A: It has always been Botvinnik, but going on I learned to appreciate many others, especially Fischer, and more recently Karpov and Kasparov of course. And also Smyslov.

Q: Is there, in Dutch nowadays, a “school” or something of the sort, to form young players?

A: No, there is not something really organized. Now we have only one player, Anish Giri, with possibilities to become a top ten.

Q: Your suggestions may be very useful to improve this state of things…

A: Well, but I think that first of all someone should ask me for that! In that case I would give some help with pleasure.

Q: And what do you think about young Italian players? You met some of them here in Torre delle Stelle.

A: I think they are good players. IM Luca Shitay will soon become a GM, I’m sure. Sabino Brunello is already GM and is always improving. They are two really strong positional players. Also Vocaturo, who wasn’t here, is strong. I think that the trend in Italy is promising with these young players.

Q: And what about Caruana?

A: Of course he’s the best Italian player, he’s a strong all-round player and has all the possibilities to become a top ten. Italian federation is rightly supporting him.

Q: Do you think chess has changed a lot since your golden years? Which suggestions would you give to a young player intentioned to raise his/her skill?

A: Sure chess has changed very much since ‘70s-‘80s. Of course computers had a lot of importance in those changes, but, in general, I don’t think that you can say that chess is now at a higher level. It is true that many opening lines have been improved and the endgames with six pieces were solved, but not always contemporary players show to play better than the past. I think that Spassky, for example, could still play now and be one of the strongest as well.

Q: Do you think physical training is important in chess?

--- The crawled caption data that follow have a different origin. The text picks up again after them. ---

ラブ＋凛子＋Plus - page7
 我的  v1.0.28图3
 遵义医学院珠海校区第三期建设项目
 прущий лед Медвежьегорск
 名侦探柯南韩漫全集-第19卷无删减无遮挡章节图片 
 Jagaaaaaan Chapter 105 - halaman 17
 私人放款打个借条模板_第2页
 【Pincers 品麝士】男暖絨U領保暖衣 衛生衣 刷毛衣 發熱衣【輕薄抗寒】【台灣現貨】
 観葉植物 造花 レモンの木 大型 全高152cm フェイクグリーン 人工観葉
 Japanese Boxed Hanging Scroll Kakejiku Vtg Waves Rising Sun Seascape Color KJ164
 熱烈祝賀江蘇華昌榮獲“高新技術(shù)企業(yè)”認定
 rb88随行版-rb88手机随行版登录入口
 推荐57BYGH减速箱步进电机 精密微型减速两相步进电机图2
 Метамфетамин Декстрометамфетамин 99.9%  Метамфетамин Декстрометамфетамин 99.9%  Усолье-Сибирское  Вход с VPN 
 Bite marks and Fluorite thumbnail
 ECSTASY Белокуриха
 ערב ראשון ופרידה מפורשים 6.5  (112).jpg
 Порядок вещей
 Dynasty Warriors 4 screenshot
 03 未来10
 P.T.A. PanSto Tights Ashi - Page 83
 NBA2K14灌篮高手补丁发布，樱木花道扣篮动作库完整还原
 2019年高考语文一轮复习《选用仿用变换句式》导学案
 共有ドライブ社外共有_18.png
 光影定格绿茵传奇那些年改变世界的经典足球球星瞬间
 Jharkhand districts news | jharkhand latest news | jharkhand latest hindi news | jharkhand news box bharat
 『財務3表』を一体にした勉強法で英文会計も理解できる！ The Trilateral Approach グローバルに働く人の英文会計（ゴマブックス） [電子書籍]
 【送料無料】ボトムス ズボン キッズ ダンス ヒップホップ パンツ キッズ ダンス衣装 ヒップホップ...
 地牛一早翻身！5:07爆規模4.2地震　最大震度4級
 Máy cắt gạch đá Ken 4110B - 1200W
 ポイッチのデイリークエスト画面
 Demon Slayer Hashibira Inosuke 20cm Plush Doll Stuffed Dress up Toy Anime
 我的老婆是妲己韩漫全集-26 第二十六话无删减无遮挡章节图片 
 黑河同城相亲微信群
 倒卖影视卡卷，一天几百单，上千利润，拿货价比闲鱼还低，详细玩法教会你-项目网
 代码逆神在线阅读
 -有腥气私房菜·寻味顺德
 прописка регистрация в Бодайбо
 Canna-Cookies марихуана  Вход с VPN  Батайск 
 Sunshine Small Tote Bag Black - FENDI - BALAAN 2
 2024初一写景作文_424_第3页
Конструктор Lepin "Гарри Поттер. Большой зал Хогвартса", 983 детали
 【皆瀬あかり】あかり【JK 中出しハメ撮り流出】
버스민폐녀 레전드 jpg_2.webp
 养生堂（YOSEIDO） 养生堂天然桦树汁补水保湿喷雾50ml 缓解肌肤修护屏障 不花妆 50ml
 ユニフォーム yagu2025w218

A: At the highest level and in the long games and long matches it is certainly important. The most trained player of all was probably Kasparov, but he was even excessive in my opinion from that point of view: I always take long walks, also during tournaments. Long walks are good because they keep you in a good form and make you relax.

Q: Have you got a game of yours that you love particularly? An “immortal game”?

A: I love several of my attacking games, but my best game I think was the Karpov-Timman played in Mar del Plata 1982, when I played an excellent positional game.

Q: In conclusion, can you tell us something about your hobbies and/or interests?

A: I like music, of different kind, but mostly I love reading. I like the classics of Russian literature, above all Dostoyevsky and Tolstoy. I also love South-American literature, especially Borges, and I also wrote an essay about him. Other favourite writers are Kafka and, among Italian writers, Italo Svevo: he didn’t write many books but those few books were really excellent, like Confessions of Zeno.

Q: Thank you Mr. Timman for your kindness and we are waiting for you at the next Torre delle Stelle.

A: If you invite me again, I will certainly come.